— BRIEF —
Images in the data are to be skipped, while every line is restated exactly as written.

— DATA EXCERPT —
=== Section Start ===

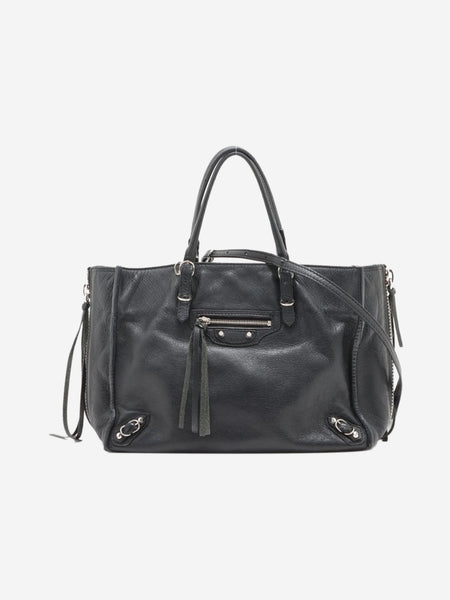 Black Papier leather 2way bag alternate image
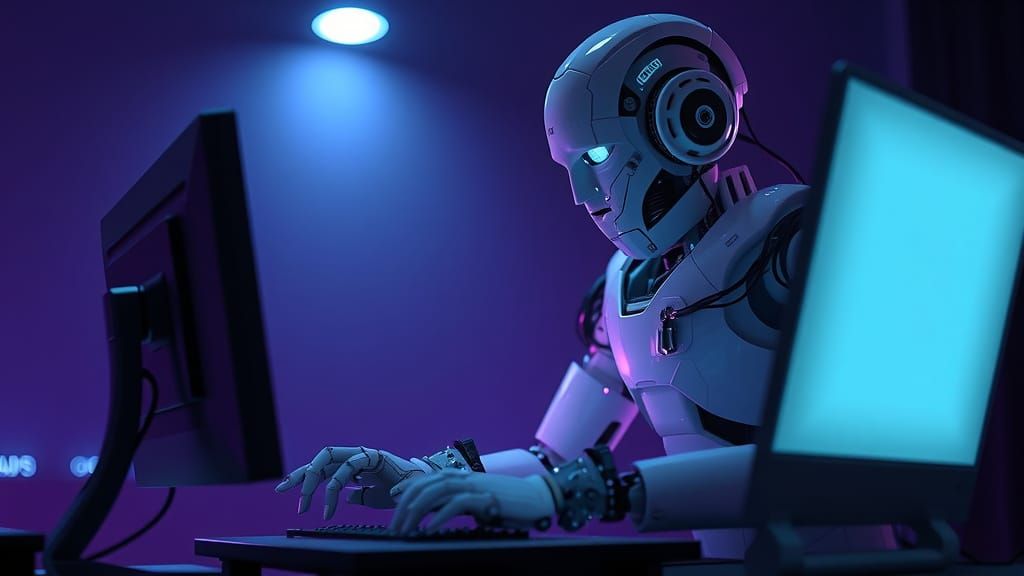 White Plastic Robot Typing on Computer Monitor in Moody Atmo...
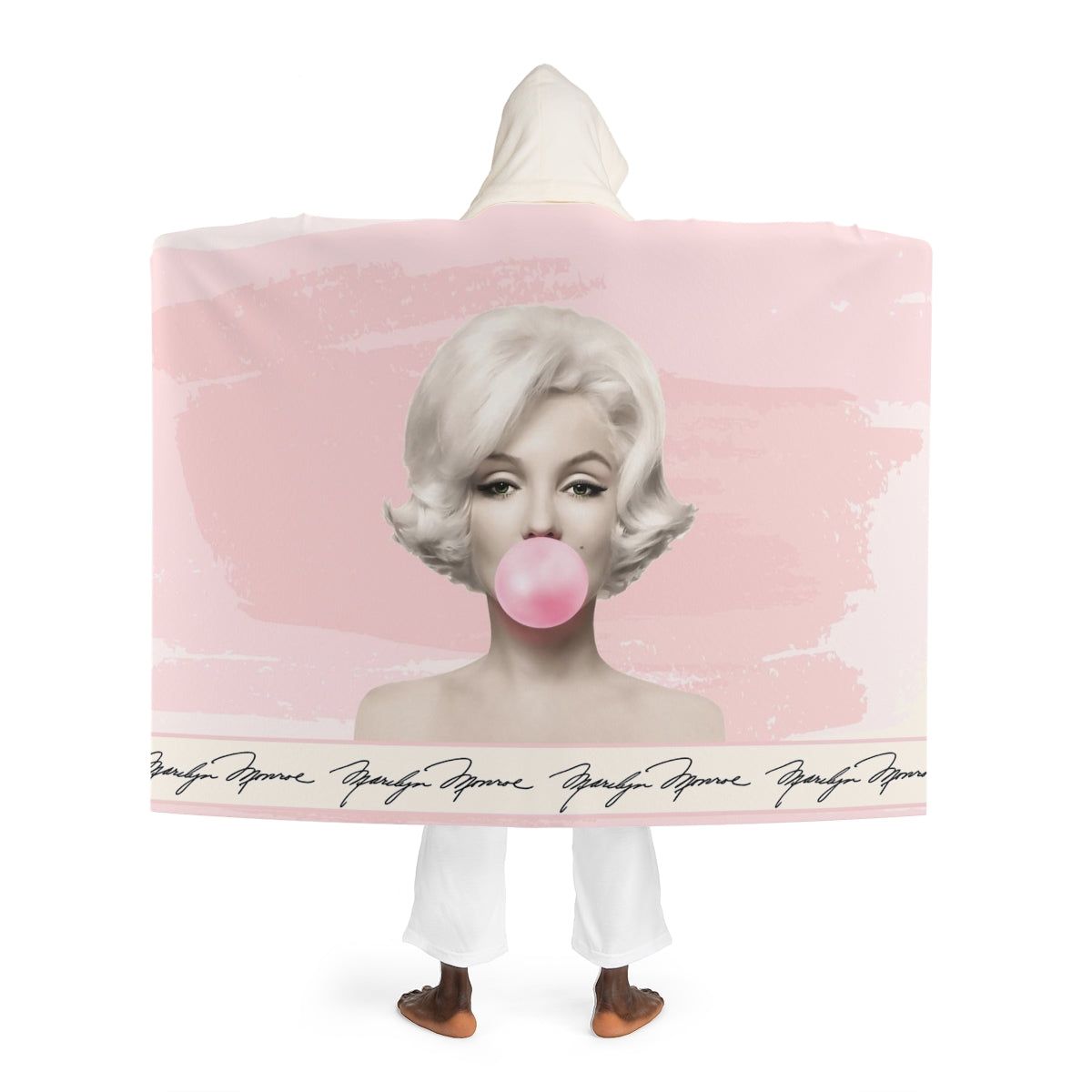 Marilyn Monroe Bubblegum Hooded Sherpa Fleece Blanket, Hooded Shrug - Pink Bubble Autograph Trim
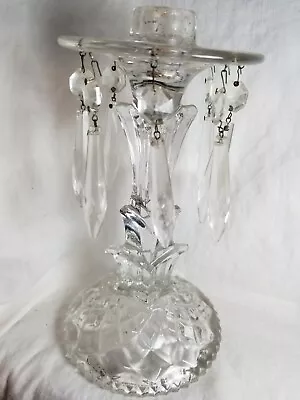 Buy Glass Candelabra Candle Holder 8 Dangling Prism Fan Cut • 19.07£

=== Section End ===

— EXERCISE ANSWER —
 Black Papier leather 2way bag alternate image
 White Plastic Robot Typing on Computer Monitor in Moody Atmo...
 Marilyn Monroe Bubblegum Hooded Sherpa Fleece Blanket, Hooded Shrug - Pink Bubble Autograph Trim
 Buy Glass Candelabra Candle Holder 8 Dangling Prism Fan Cut • 19.07£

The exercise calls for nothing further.